# Problem to work on
The records below hold a stretch from the line with "lily (duolingo) (duolingo)" through the line with "Photo of Patio Balcony in Vamos"; return exactly those lines, ends included, and nothing more.

# Provided data
--*--

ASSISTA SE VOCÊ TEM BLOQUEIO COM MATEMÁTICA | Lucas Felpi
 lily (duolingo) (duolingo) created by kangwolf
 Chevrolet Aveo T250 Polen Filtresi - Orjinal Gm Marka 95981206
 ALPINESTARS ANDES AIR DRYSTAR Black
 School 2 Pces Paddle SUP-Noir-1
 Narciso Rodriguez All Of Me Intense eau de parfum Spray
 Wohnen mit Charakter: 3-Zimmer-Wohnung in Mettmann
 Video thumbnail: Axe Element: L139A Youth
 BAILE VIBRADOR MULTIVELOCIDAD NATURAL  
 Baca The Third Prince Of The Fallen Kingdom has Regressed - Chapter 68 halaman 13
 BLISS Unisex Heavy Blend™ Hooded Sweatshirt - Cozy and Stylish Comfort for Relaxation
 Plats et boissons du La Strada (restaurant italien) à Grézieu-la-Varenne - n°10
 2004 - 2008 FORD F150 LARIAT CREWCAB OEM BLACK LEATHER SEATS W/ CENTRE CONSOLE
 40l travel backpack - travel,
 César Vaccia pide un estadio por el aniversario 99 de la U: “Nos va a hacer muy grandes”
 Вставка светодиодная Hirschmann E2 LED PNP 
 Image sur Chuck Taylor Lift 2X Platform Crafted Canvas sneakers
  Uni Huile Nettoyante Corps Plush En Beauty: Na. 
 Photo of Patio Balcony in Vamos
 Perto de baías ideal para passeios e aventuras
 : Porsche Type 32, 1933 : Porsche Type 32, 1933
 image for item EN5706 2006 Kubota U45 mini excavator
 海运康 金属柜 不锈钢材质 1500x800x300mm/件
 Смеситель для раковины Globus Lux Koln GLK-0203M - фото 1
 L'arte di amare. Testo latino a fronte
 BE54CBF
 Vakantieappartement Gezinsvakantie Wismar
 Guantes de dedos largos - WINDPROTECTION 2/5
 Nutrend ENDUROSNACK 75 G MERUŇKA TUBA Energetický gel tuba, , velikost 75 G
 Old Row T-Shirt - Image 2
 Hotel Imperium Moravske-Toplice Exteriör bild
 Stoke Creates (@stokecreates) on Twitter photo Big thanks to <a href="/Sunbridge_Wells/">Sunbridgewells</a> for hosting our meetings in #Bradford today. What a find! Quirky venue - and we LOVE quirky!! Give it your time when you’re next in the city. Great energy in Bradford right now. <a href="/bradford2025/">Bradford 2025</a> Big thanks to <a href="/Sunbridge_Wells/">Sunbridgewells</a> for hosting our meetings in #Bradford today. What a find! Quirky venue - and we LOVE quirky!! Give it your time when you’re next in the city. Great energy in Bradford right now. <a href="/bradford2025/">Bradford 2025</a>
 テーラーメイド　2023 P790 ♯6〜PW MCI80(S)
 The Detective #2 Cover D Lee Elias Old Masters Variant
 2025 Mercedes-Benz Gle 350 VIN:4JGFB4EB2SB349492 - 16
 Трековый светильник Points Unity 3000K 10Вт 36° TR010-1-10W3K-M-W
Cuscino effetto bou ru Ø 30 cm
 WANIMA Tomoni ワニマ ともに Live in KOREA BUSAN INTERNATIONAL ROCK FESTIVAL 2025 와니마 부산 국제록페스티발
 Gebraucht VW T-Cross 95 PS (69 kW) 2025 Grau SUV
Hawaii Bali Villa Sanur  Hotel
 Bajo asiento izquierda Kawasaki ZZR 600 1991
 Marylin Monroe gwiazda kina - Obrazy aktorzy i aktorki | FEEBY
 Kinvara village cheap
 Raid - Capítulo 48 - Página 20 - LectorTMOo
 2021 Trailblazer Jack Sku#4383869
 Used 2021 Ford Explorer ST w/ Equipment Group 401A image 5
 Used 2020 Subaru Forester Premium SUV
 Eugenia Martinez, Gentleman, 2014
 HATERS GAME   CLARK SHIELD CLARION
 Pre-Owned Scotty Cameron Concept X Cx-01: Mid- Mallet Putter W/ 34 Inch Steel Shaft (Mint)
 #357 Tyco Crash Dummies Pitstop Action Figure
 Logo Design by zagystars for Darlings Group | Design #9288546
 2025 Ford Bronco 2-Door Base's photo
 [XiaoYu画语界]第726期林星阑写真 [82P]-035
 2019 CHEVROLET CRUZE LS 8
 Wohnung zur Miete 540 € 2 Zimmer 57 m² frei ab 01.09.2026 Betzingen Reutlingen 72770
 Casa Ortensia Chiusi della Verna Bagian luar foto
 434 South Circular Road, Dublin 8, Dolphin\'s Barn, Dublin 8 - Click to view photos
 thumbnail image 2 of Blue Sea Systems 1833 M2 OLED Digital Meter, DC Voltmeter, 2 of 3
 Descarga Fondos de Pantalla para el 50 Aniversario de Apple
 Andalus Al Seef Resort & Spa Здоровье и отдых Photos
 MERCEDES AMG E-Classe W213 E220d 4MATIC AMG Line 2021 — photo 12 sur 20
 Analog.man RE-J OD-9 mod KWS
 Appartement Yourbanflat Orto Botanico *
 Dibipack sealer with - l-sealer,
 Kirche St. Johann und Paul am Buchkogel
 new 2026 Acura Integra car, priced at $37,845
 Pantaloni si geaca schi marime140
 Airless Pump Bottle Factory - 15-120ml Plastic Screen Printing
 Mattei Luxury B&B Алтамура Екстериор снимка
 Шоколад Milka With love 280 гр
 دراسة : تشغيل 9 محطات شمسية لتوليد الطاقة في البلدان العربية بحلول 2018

--*--

# Reply to the exercise
 lily (duolingo) (duolingo) created by kangwolf
 Chevrolet Aveo T250 Polen Filtresi - Orjinal Gm Marka 95981206
 ALPINESTARS ANDES AIR DRYSTAR Black
 School 2 Pces Paddle SUP-Noir-1
 Narciso Rodriguez All Of Me Intense eau de parfum Spray
 Wohnen mit Charakter: 3-Zimmer-Wohnung in Mettmann
 Video thumbnail: Axe Element: L139A Youth
 BAILE VIBRADOR MULTIVELOCIDAD NATURAL  
 Baca The Third Prince Of The Fallen Kingdom has Regressed - Chapter 68 halaman 13
 BLISS Unisex Heavy Blend™ Hooded Sweatshirt - Cozy and Stylish Comfort for Relaxation
 Plats et boissons du La Strada (restaurant italien) à Grézieu-la-Varenne - n°10
 2004 - 2008 FORD F150 LARIAT CREWCAB OEM BLACK LEATHER SEATS W/ CENTRE CONSOLE
 40l travel backpack - travel,
 César Vaccia pide un estadio por el aniversario 99 de la U: “Nos va a hacer muy grandes”
 Вставка светодиодная Hirschmann E2 LED PNP 
 Image sur Chuck Taylor Lift 2X Platform Crafted Canvas sneakers
  Uni Huile Nettoyante Corps Plush En Beauty: Na. 
 Photo of Patio Balcony in Vamos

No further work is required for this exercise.